In FIG. 15, the resistance values of the resistance elements 204 and 631 to 633 constituting the mounting detection resistors 701 to 703 are set in consideration of the following conditions.
(1) The resistance value of each resistance element is 20 kΩ or more.
In this way, even if it is assumed that the highest voltage VHV used in the attachment detection circuit is applied to a 20 kΩ resistive element, the current flowing through the resistive element is limited to about 2.1 mA or less as calculated below. be able to.
(44.1V-2.4V) /20kΩ=2.085mA <2.1mA
Here, 44.1V is the maximum value of voltage VHV (absolute maximum voltage = 42V + 5%) when the rated value of voltage VHV is 42V and the allowable range is ± 5%. 2.4 V is the value of the reference voltage Vref used in the current-voltage conversion unit 710. In addition, (44.1V-2.4V) = 41.7V is equivalent to the maximum value of the voltage applied to the both ends of a resistance element. Thus, if the resistance value of each resistance element is 20 kΩ or more, the current can be limited to about 2.1 mA or less, so that the ASIC that realizes the mounting detection circuit can be protected.
(2) The resistance value of the resistance element 204 mounted on the ink cartridge is made larger than the smallest resistance value among the resistance elements 631 to 633 in the attachment detection circuit.
In this case, even if the resistance element 204 mounted on the ink cartridge is short-circuited for some reason, it is easy to detect the abnormality. Note that the resistance element 204 is typically externally attached to the back side of the substrate 200 (FIG. 3A). Since the distance between the terminals of the external resistance element 204 is as small as about 1 mm, there is a possibility that the terminals of the resistance element 204 may be short-circuited for some reason when the substrate 200 is manufactured. Can be easily detected.
(3) The minimum value of the detected current I _DET is the least 100 .mu.A.
This makes it easy to correctly determine the cartridge mounting state from the detection current _DET even when there is an influence of disturbance (noise). In the circuit configuration of FIG. 15, it is assumed that all three cartridges IC1 to IC3 are mounted, the manufacturing error of the resistance value is ± 1%, and the error due to the temperature dependence of the resistance value is 0.7%. Even in this case, the minimum value of the detection current I _DET is about 117 μA, and this condition can be sufficiently satisfied.
Although these conditions (1) to (3) are preferable conditions, it is not always necessary to satisfy these conditions, and other conditions can be set.

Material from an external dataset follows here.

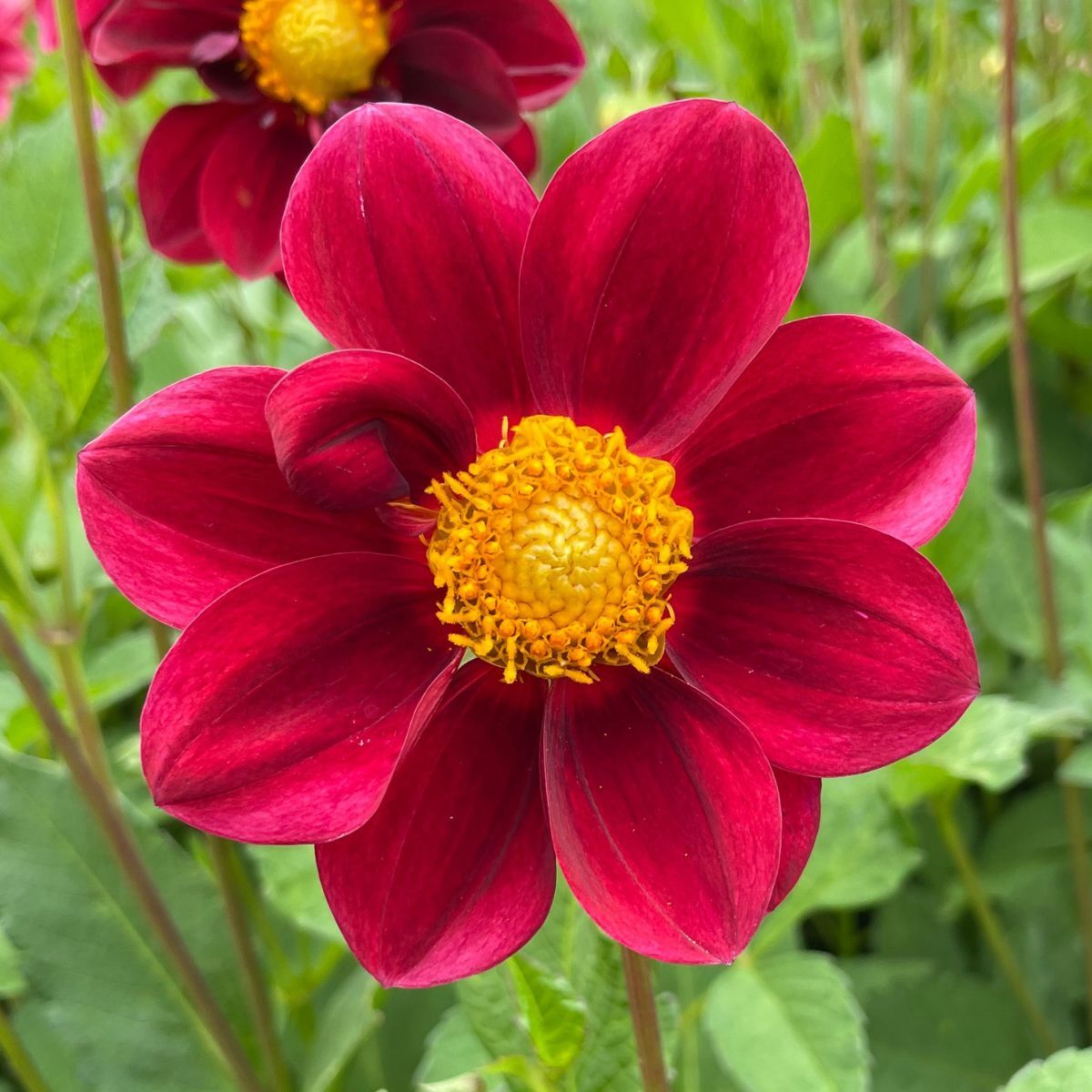 Dahlia- Life on Mars (Tuber)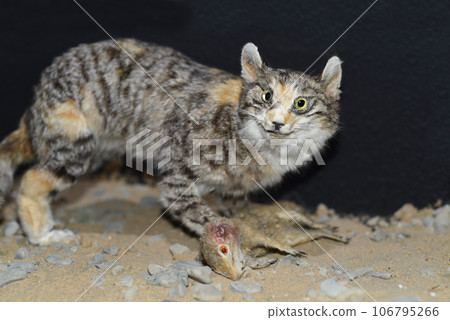 Eurasian wild cat stuffed animal in mongolian museum Eurasian wild cat stuffed animal in mongolian museum 106795266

In FIG. 15, the resistance values of the resistors R11, R21, and R22 of the individual mounting detector 630c are set to 2 kΩ, 25 kΩ, and 500 kΩ. These resistance values are set so that the values of the resistance ratio R21 / R22 and the resistance ratio R11 / _Rc1 ( _Rc1 is the combined resistance value when all cartridges are mounted) are substantially equal, as described in FIG. Yes. Accordingly, also in the circuit of FIG. 15, the detection voltage value V _DET and the plurality of threshold voltages Vth (j) can be accurately followed so as to change with substantially the same change width with respect to the fluctuation of the power supply voltage VHV. Is possible.

In the fourth embodiment shown in FIG. 14 and the fifth embodiment shown in FIG. 15, a set of cartridges is formed by some of the plurality of cartridges mounted in the holder 4 of the printing apparatus. A set is configured, and the mounting state of the cartridge set is detected by the mounting detection circuit. For example, in the circuit of FIG. 14, one cartridge set is configured by four cartridges IC1 to IC4. Further, as the holder 4, a holder capable of mounting a maximum of 16 cartridges can be used. In the circuit of FIG. 15, one cartridge set is constituted by three cartridges IC1 to IC3. Further, as the holder 4, a holder capable of mounting a maximum of 12 cartridges can be used. As can be understood from these descriptions, the mounting detection circuit has a circuit configuration capable of detecting 2 ⁿ different mounting states of each of the cartridge sets including N (N is an integer of 2 or more) cartridges. Those having the following are preferred. Further, the term “cartridge set” is not limited to a set composed of all cartridges mounted on the holder of the printing apparatus, but also includes a set composed only of some of the cartridges.

H. Other embodiments:
FIG. 16 is a diagram showing a configuration of a substrate in another embodiment. These substrates 200a to 200c differ only in the surface shapes of the substrate 200 and the terminals 210 to 290 shown in FIG. However, also in these board | substrates 200a-200c, arrangement | positioning of the contact part cp with the apparatus side terminal corresponding to each terminal 210-290 is the same as the board | substrate 200 of FIG. 3 (A). As described above, the surface shape of each terminal can be variously modified as long as the arrangement of the contact portions cp is the same.

  17 and 18 are perspective views showing the configuration of an ink cartridge according to another embodiment. This ink cartridge is separated into an ink container 100B and an adapter 100A.

  The ink storage unit 100B includes a casing 101B that stores ink and an ink supply port 110. An ink chamber 120B for storing ink is formed inside the housing 101B. The ink supply port 110 is formed on the bottom wall of the housing 101B. The ink supply port 110 communicates with the ink chamber 120B.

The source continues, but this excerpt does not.